(MATERIAL TO PROCESS)

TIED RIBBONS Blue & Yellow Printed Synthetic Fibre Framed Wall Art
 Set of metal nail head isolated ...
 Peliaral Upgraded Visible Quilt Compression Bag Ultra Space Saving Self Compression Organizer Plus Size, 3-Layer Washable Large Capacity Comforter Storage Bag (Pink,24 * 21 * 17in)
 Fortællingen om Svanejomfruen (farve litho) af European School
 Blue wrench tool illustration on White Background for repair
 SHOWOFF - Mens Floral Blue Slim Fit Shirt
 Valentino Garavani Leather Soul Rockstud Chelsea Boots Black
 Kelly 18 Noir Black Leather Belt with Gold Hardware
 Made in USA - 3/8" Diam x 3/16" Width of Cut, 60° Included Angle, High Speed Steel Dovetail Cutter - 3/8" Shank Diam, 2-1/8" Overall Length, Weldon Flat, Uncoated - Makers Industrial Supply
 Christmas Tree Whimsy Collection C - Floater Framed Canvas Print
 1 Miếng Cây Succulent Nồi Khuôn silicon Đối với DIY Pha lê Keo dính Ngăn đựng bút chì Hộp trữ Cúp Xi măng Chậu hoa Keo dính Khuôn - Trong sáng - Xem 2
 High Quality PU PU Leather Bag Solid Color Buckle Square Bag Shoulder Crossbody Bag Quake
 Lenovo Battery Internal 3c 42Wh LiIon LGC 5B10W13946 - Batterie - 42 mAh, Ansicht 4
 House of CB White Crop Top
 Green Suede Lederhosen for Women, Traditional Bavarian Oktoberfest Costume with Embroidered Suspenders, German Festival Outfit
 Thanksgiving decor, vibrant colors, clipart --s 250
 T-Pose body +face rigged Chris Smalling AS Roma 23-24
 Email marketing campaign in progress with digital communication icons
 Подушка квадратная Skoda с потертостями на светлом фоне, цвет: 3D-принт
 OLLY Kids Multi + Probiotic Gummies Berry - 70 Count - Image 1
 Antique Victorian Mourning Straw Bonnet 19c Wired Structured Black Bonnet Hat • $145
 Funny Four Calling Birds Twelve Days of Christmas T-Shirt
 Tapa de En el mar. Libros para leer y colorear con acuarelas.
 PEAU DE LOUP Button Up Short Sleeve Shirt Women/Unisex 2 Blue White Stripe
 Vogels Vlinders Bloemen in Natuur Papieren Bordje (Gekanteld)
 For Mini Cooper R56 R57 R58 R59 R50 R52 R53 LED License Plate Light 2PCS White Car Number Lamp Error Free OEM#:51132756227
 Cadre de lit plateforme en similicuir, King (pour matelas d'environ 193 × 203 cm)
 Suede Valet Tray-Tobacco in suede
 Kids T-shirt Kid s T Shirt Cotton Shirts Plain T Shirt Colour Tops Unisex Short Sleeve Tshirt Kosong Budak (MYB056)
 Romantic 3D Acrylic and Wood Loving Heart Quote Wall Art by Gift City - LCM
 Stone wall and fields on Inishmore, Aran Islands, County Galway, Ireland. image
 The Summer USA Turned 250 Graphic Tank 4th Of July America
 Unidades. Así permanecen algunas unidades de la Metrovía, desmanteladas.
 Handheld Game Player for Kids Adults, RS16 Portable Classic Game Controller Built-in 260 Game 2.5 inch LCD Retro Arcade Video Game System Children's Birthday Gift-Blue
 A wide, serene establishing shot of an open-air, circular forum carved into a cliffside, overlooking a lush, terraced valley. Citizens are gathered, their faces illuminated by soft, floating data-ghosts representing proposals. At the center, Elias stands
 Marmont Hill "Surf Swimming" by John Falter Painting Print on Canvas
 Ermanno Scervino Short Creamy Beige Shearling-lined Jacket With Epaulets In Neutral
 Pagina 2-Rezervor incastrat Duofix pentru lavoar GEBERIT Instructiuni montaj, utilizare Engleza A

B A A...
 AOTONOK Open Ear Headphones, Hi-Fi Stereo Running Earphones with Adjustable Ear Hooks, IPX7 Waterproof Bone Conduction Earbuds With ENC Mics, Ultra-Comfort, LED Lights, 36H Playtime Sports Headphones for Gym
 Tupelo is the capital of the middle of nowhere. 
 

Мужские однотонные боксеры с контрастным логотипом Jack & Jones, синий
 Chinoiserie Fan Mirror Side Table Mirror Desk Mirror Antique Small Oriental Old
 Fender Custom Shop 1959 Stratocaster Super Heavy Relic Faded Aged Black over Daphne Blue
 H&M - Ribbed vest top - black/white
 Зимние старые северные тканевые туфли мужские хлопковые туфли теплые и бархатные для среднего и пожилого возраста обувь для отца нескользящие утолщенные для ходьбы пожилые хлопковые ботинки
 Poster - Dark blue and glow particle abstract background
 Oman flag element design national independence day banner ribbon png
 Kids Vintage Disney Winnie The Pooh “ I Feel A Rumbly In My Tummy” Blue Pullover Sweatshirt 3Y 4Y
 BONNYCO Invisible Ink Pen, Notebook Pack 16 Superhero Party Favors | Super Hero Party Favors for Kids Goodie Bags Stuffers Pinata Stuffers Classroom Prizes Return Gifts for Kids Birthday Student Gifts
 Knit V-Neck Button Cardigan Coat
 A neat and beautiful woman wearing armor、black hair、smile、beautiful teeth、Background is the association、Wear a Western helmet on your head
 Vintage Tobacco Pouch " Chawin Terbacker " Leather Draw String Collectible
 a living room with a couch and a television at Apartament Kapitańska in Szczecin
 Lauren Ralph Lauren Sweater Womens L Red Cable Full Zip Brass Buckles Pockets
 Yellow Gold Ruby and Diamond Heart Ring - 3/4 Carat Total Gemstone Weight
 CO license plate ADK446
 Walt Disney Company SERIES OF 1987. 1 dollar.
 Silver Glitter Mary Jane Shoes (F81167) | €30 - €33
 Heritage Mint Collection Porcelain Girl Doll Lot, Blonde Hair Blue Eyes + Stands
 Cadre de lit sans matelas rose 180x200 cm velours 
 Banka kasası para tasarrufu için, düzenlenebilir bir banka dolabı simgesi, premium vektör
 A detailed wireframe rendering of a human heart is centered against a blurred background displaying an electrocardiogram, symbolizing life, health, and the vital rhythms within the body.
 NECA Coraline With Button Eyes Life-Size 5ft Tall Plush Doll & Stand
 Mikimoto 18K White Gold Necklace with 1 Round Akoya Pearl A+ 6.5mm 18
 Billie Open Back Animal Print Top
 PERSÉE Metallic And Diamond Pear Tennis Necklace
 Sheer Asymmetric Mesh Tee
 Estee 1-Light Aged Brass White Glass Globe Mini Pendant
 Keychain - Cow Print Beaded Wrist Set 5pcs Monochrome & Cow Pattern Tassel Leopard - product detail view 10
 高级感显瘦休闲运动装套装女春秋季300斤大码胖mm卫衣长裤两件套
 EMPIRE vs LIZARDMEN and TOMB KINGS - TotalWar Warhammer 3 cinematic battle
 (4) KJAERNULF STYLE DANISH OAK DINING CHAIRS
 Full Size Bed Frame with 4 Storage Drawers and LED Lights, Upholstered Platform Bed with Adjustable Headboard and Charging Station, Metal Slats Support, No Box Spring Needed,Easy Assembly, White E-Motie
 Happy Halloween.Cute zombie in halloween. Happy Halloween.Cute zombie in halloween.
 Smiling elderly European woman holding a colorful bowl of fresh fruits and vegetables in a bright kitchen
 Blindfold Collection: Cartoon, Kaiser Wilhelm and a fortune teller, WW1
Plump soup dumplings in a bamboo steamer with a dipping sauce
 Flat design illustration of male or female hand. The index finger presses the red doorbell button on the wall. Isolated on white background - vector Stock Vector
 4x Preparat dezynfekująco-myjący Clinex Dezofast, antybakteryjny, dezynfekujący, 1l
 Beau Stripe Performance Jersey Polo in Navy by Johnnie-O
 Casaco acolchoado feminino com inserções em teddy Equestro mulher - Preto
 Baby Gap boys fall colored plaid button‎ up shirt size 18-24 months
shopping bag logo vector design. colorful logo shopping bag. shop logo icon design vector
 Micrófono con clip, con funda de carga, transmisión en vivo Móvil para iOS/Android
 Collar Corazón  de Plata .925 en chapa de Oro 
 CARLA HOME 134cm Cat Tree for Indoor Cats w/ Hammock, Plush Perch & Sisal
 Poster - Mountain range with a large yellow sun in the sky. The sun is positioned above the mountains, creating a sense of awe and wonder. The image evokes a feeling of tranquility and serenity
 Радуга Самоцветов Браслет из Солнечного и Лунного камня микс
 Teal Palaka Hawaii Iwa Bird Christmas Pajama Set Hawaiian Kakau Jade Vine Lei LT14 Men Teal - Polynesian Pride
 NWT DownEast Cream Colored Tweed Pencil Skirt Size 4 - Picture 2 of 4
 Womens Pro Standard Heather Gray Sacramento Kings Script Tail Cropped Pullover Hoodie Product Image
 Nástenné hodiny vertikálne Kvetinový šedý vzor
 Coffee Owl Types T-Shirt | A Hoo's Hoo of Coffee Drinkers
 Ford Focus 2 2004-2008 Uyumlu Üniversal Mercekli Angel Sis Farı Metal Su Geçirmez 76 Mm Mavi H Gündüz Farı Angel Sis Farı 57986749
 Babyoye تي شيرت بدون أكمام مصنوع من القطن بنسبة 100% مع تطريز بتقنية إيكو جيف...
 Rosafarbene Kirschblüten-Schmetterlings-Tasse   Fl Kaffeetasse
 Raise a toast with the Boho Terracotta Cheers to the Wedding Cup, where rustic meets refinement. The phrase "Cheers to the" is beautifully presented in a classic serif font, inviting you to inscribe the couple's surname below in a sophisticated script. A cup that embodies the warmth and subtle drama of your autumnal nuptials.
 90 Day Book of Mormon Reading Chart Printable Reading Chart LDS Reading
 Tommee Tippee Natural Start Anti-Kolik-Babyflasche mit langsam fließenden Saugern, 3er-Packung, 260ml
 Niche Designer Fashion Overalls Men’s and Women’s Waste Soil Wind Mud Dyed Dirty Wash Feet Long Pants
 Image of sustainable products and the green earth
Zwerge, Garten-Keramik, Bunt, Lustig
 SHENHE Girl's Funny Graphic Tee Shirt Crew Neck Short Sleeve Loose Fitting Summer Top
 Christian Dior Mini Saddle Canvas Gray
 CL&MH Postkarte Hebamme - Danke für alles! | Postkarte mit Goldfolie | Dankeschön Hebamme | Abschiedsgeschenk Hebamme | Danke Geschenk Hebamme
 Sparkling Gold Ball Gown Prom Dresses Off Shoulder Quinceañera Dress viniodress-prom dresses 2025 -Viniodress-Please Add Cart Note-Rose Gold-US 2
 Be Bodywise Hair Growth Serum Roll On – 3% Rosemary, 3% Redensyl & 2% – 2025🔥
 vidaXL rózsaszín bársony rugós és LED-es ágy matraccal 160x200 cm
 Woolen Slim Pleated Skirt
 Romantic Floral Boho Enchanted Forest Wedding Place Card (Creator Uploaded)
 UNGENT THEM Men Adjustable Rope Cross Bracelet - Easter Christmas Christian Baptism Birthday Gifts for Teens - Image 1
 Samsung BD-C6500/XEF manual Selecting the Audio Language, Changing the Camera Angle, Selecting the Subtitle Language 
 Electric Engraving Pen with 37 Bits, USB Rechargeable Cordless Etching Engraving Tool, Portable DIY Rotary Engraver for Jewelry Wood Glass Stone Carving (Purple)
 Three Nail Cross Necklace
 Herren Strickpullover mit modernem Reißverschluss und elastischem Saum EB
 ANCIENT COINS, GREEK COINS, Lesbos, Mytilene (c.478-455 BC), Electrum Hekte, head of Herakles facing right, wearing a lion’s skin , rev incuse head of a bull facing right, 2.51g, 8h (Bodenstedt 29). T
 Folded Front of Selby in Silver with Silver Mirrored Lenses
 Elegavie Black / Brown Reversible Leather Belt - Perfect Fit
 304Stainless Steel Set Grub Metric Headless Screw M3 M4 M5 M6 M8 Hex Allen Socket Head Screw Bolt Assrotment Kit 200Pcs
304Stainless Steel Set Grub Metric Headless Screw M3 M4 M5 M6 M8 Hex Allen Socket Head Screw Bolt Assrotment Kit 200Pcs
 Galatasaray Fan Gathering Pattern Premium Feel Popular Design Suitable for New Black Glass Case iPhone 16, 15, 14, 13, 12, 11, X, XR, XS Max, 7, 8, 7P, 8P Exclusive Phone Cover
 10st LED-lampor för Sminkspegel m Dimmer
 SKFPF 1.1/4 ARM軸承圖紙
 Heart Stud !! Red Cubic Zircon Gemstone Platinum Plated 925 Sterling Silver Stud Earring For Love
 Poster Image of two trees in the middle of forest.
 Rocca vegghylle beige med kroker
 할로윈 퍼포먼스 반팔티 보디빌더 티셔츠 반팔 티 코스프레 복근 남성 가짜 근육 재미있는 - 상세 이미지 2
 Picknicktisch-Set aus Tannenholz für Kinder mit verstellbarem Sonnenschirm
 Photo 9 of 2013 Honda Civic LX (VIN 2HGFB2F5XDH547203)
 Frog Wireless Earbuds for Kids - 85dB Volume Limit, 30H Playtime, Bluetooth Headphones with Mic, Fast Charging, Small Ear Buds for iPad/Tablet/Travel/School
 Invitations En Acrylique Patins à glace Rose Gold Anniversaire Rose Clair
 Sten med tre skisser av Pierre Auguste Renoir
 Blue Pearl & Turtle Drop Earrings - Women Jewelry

(End MATERIAL TO PROCESS)

■ YOUR INSTRUCTIONS
Each line from the beginning of the entries to the line with "1 Miếng Cây" must be repeated exactly, with both end lines kept and no other lines given.

■ SOLUTION TO THIS PROBLEM
TIED RIBBONS Blue & Yellow Printed Synthetic Fibre Framed Wall Art
 Set of metal nail head isolated ...
 Peliaral Upgraded Visible Quilt Compression Bag Ultra Space Saving Self Compression Organizer Plus Size, 3-Layer Washable Large Capacity Comforter Storage Bag (Pink,24 * 21 * 17in)
 Fortællingen om Svanejomfruen (farve litho) af European School
 Blue wrench tool illustration on White Background for repair
 SHOWOFF - Mens Floral Blue Slim Fit Shirt
 Valentino Garavani Leather Soul Rockstud Chelsea Boots Black
 Kelly 18 Noir Black Leather Belt with Gold Hardware
 Made in USA - 3/8" Diam x 3/16" Width of Cut, 60° Included Angle, High Speed Steel Dovetail Cutter - 3/8" Shank Diam, 2-1/8" Overall Length, Weldon Flat, Uncoated - Makers Industrial Supply
 Christmas Tree Whimsy Collection C - Floater Framed Canvas Print
 1 Miếng Cây Succulent Nồi Khuôn silicon Đối với DIY Pha lê Keo dính Ngăn đựng bút chì Hộp trữ Cúp Xi măng Chậu hoa Keo dính Khuôn - Trong sáng - Xem 2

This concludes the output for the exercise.